(Stored data)
────────────────────────────────────────
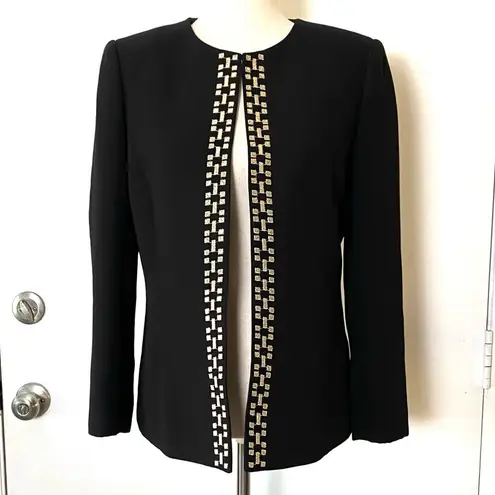 Tahari Black Gold Chain Blazer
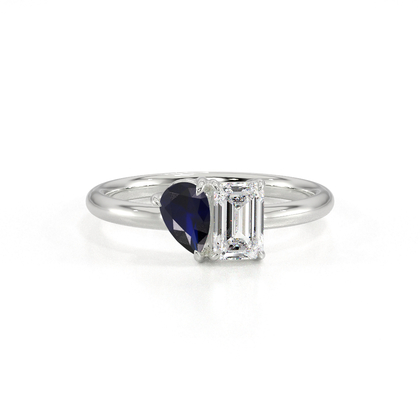 Toi-Et-Moi-Ring Mit Birnengeschliffenem Blauem Saphir Und Smaragdgeschliffenem Diamanten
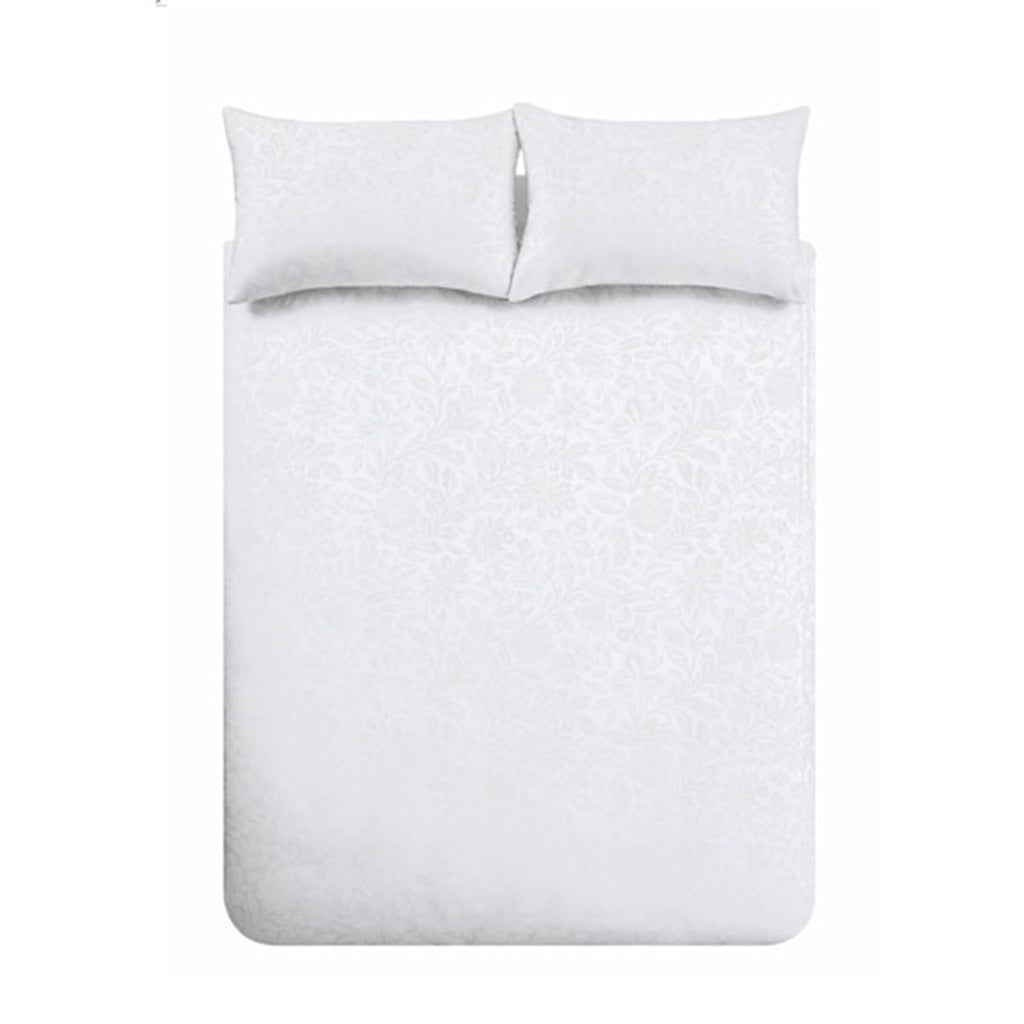 Bianca Fine Linens Embroidery Floral Duvet Cover Set - White - Fleur Matelasse Duvet Set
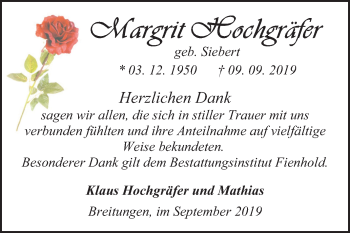 Traueranzeige von Margit Hochgräfer von Super Sonntag Sangerhausen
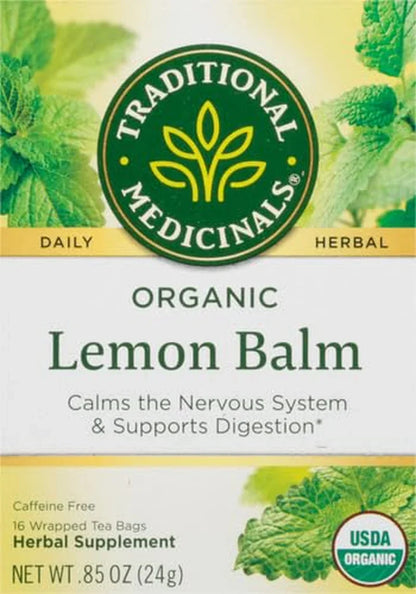 Organic, Lemon Balm - Supports Stress Relief & Digestive Health - Kosher, Non-Gmo, Caffeine-Free, Compostable - 16 Tea Bags
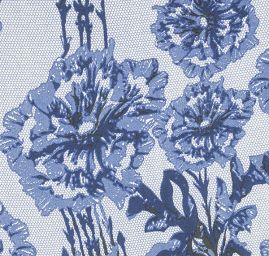 Imitace hedvábí krajkový květinový vzor modrý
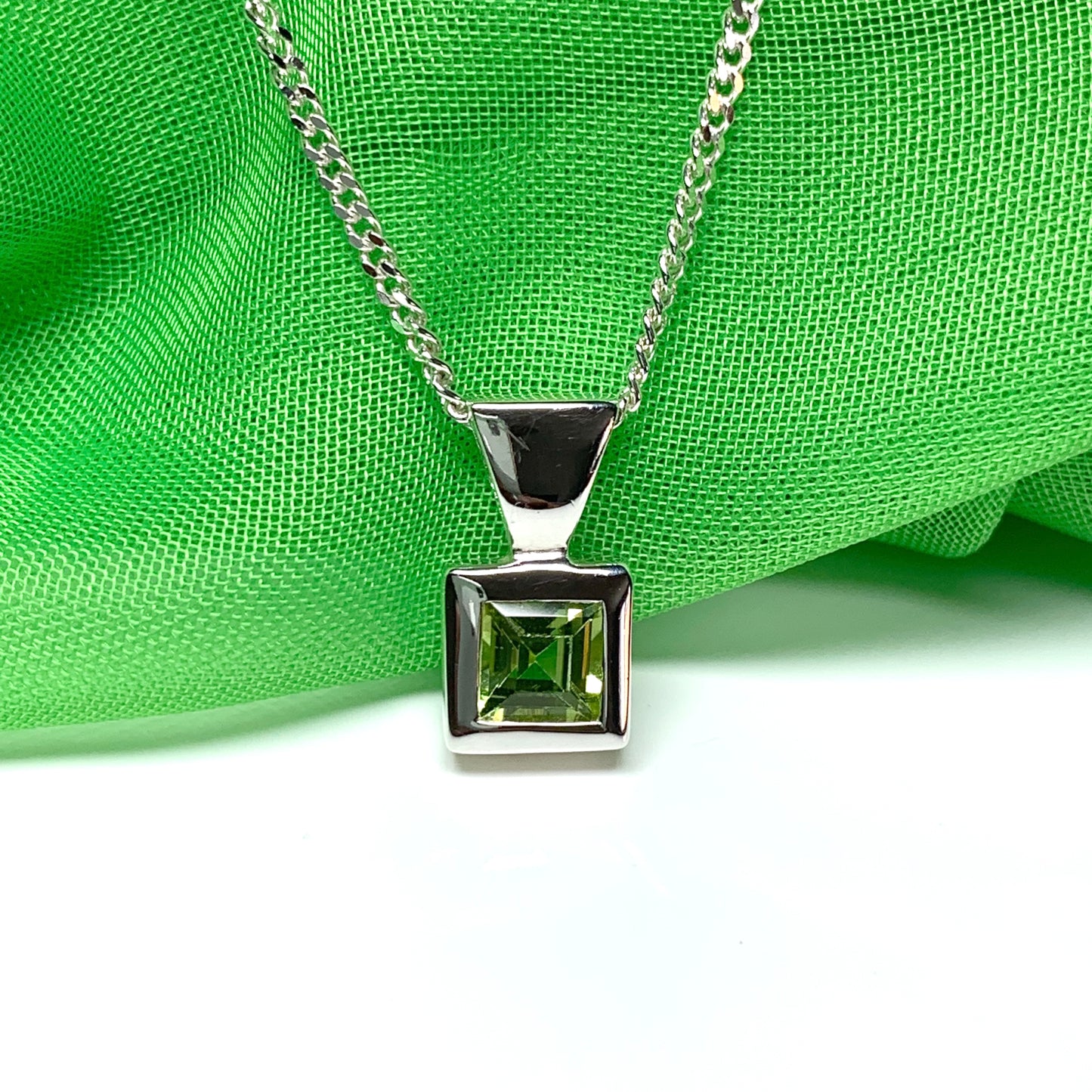 Peridot sterling silver square necklace
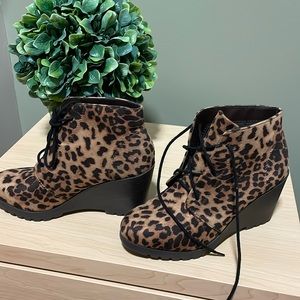 Leopard ankle boots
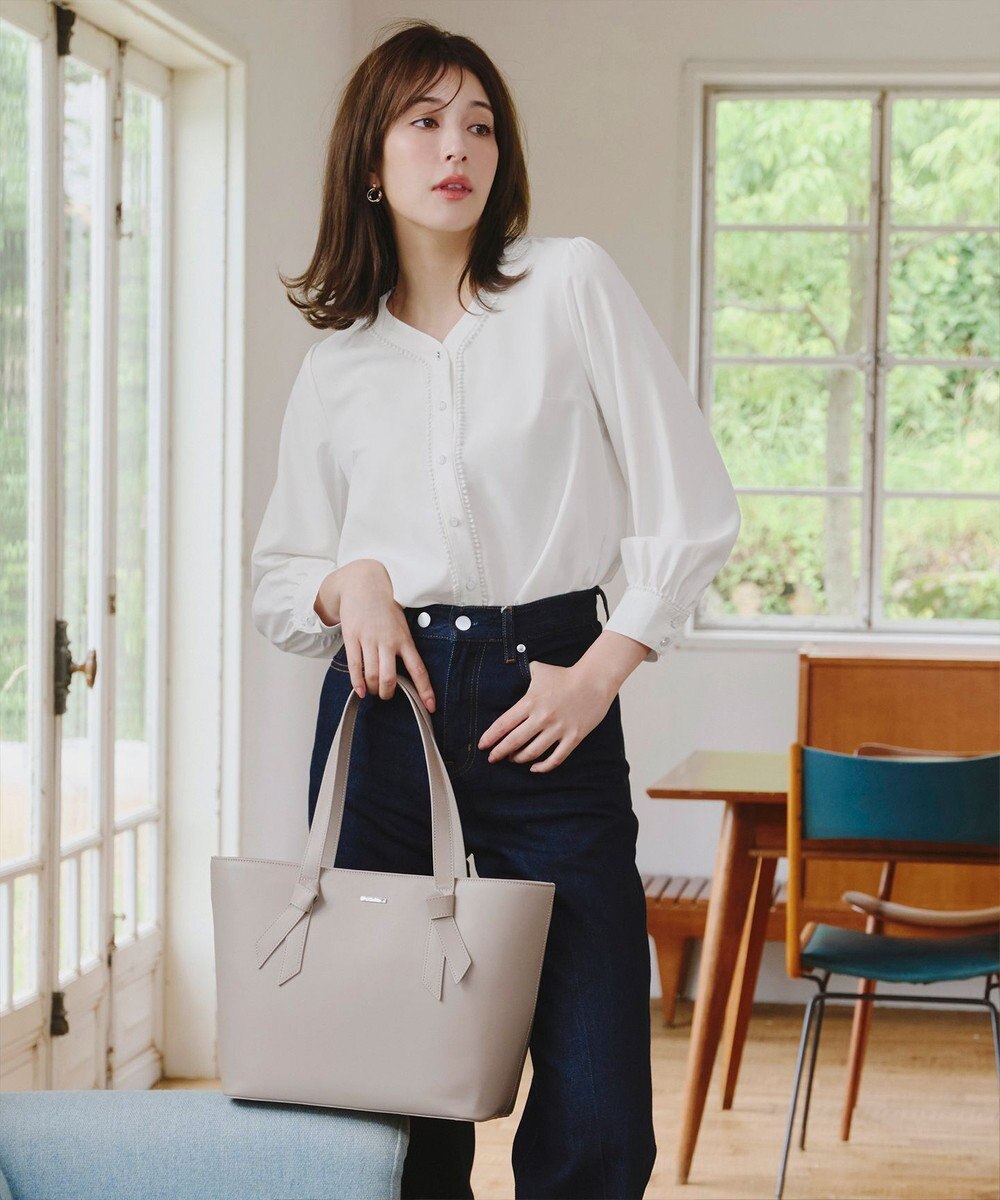 Tiaclasse 【洗える】Vネックレースブラウス 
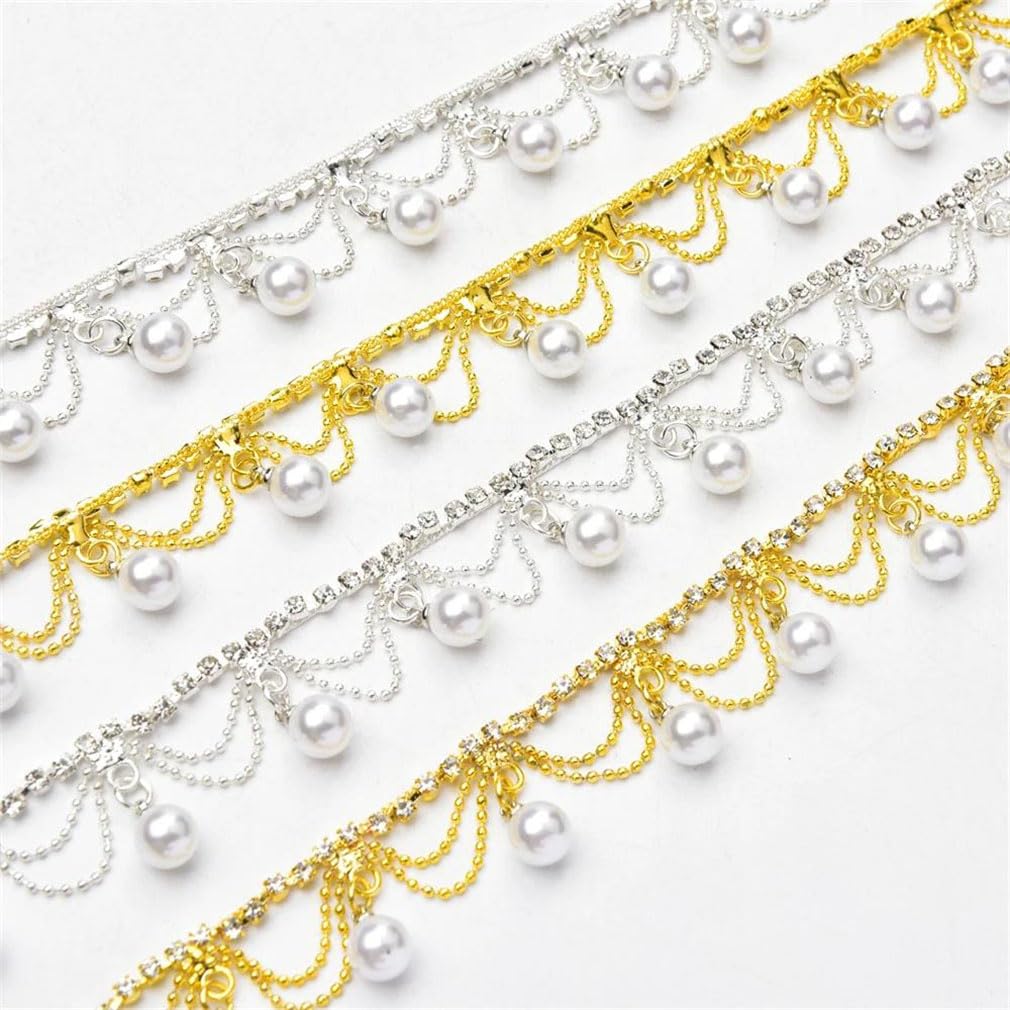 9,1 m di perle ciondolo strass frangia vetro cristallo catena nappa per vestiti abiti da sposa accessori decorazione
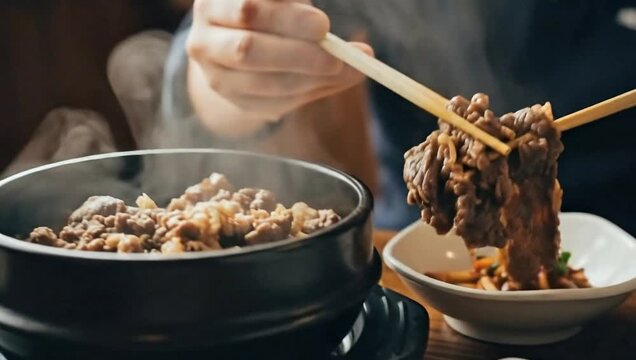 Person using chopsticks to pick up steaming hot meat from a bowl.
────────────────────────────────────────
• **Action item**:
Pictures must be left out of the answer, which should be exactly the lines from the one holding "Toi-Et-Moi-Ring Mit Birnengeschliffenem" through the last line of the entries above, both included; please add nothing.

• **Reply to the exercise**:
 Toi-Et-Moi-Ring Mit Birnengeschliffenem Blauem Saphir Und Smaragdgeschliffenem Diamanten
 Bianca Fine Linens Embroidery Floral Duvet Cover Set - White - Fleur Matelasse Duvet Set
 Traueranzeige von Margit Hochgräfer von Super Sonntag Sangerhausen
 Organic, Lemon Balm - Supports Stress Relief & Digestive Health - Kosher, Non-Gmo, Caffeine-Free, Compostable - 16 Tea Bags
 Imitace hedvábí krajkový květinový vzor modrý
 Peridot sterling silver square necklace
 Leopard ankle boots
 Tiaclasse 【洗える】Vネックレースブラウス 
 9,1 m di perle ciondolo strass frangia vetro cristallo catena nappa per vestiti abiti da sposa accessori decorazione
 Person using chopsticks to pick up steaming hot meat from a bowl.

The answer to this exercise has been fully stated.